La famiglia dopo l’incidente occorso ad Alex Zanardi ha chiesto di non emettere più il bollettino medico e riservatezza sulle condizioni del campione paralimpico. Se sulle condizioni del ciclista c’è riservatezza, si sa che è stabile ma ancora sedato e in condizioni gravi, le polemiche e i tentativi di ricostruire l’impatto sono al centro della cronaca sportiva.

Si sono fatte varie ipotesi azzardate e smentite subito sulle cause dell’impatto con l’autoarticolato, dal fatto che Alex fosse al cellulare o che avesse perso il controllo per la troppa velocità. Marcello Bartolozzi è un architetto che era vicino al luogo dell’impatto e ha subito parlato con la stampa locale su ciò che ha visto. “È successo nel tempo di un lampo, forse Alex si è spaventato, era una nuvola di frammenti.

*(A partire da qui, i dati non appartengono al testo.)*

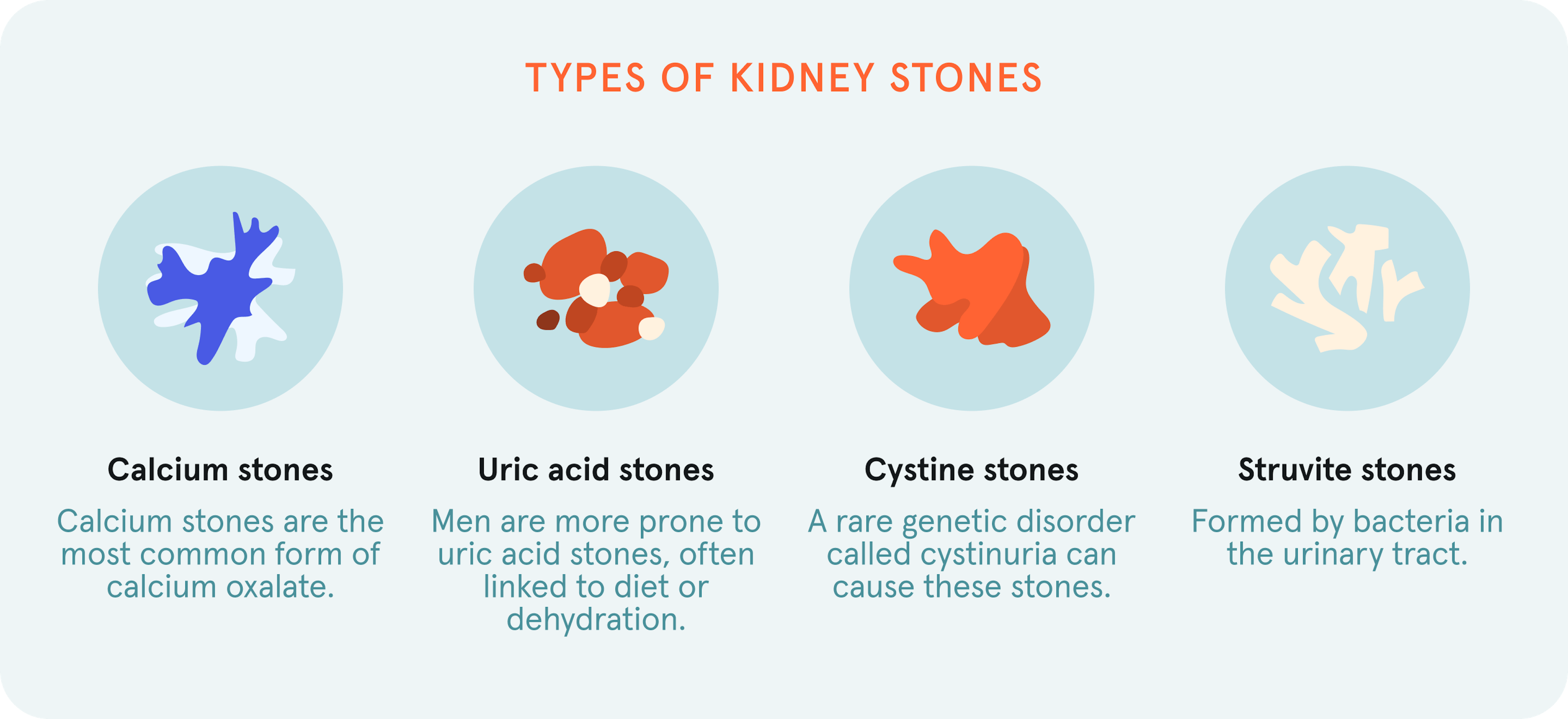 An infographic showcasing the different types of kidney stones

In aria volavano pezzi di non so che cosa, forse era il casco di Alex, forse parti della sua handbike“.

Erano dunque insieme sulla statale che collega Pienza a San Quirico d’Orcia, anzi Bartolozzi ha detto che erano a quattro metri, vicinissimi e questa è la sua ricostruzione: “Andavamo a quaranta chilometri all’ora. Su una strada in leggera discesa è una velocità normalissima. Prima di quella dannata curva a destra, Alex si trovava vicino alla linea di mezzeria della strada. Vedendo il camion arrivare forse si è impaurito. L’ho visto sterzare a destra per cercare di allontanarsi dalla mezzeria e riportarsi al centro della nostra corsia”.

In quel momento sembra andare tutto fuori controllo: “La ruota sinistra della sua handbike si è sollevata da terra. A quel punto, per recuperare l’assetto ed evitare di ribaltarsi, ha dato una controsterzata a sinistra. È una mossa da pilota, quale lui è. Da lì in avanti, però, non è più riuscito a controllare il mezzo ed è caduto, urtando sulla fiancata del tir”.